**Try it:**
Reproduce the listing below in full and exactly; no pictures belong in the copy.

**Records provided:**
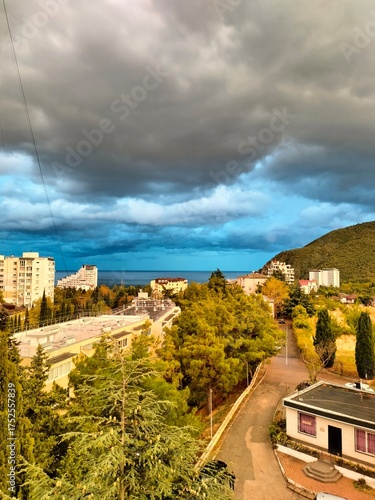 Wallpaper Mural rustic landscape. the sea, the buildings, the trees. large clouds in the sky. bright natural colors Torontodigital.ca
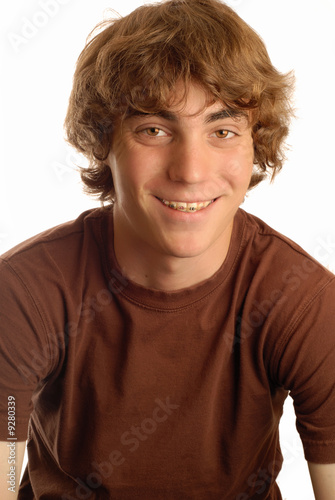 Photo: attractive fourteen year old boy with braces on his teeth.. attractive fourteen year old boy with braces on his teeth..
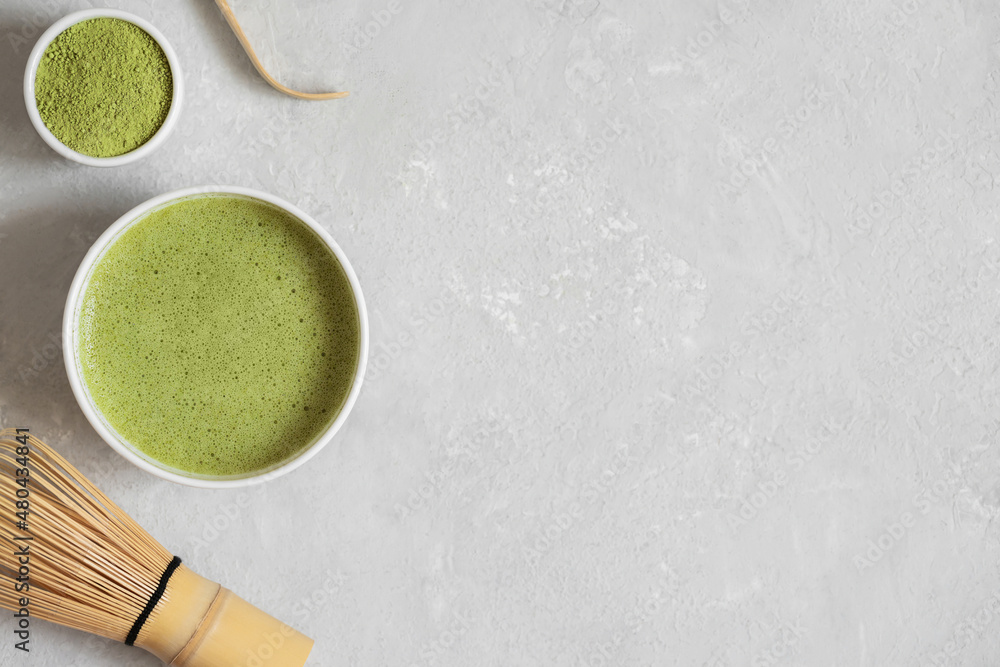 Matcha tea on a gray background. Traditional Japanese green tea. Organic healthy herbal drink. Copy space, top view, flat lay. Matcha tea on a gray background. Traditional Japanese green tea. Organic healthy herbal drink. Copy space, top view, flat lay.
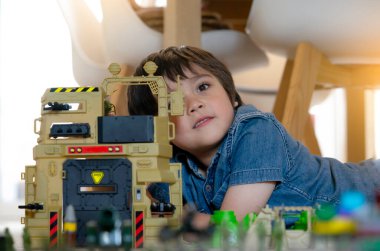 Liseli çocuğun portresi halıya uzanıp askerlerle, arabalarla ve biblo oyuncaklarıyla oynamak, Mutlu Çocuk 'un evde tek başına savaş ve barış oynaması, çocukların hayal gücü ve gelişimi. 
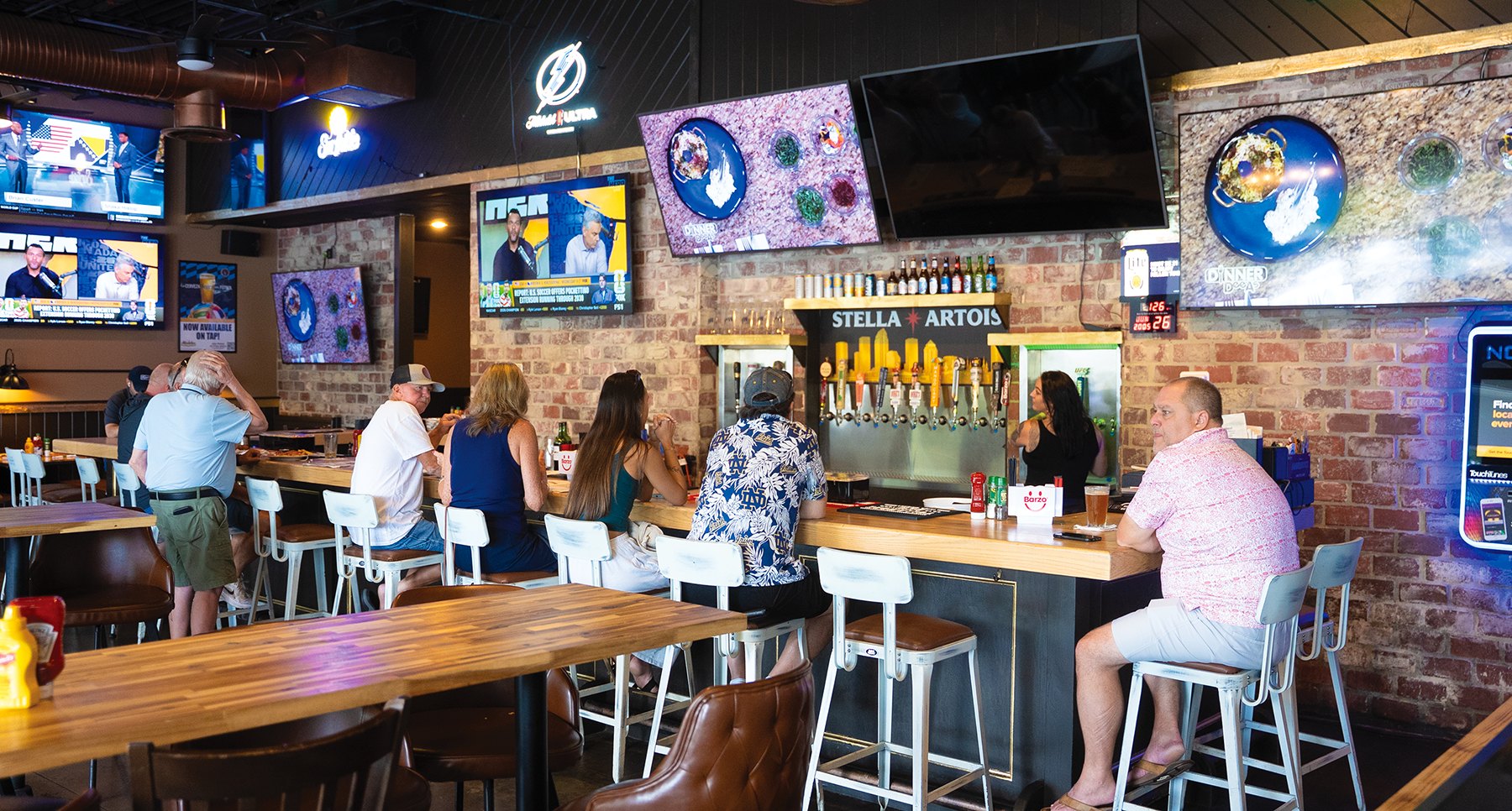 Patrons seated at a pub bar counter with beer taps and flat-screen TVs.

**Written response:**
 Wallpaper Mural rustic landscape. the sea, the buildings, the trees. large clouds in the sky. bright natural colors Torontodigital.ca
 Photo: attractive fourteen year old boy with braces on his teeth.. attractive fourteen year old boy with braces on his teeth..
 Matcha tea on a gray background. Traditional Japanese green tea. Organic healthy herbal drink. Copy space, top view, flat lay. Matcha tea on a gray background. Traditional Japanese green tea. Organic healthy herbal drink. Copy space, top view, flat lay.
 Liseli çocuğun portresi halıya uzanıp askerlerle, arabalarla ve biblo oyuncaklarıyla oynamak, Mutlu Çocuk 'un evde tek başına savaş ve barış oynaması, çocukların hayal gücü ve gelişimi. 
 Patrons seated at a pub bar counter with beer taps and flat-screen TVs.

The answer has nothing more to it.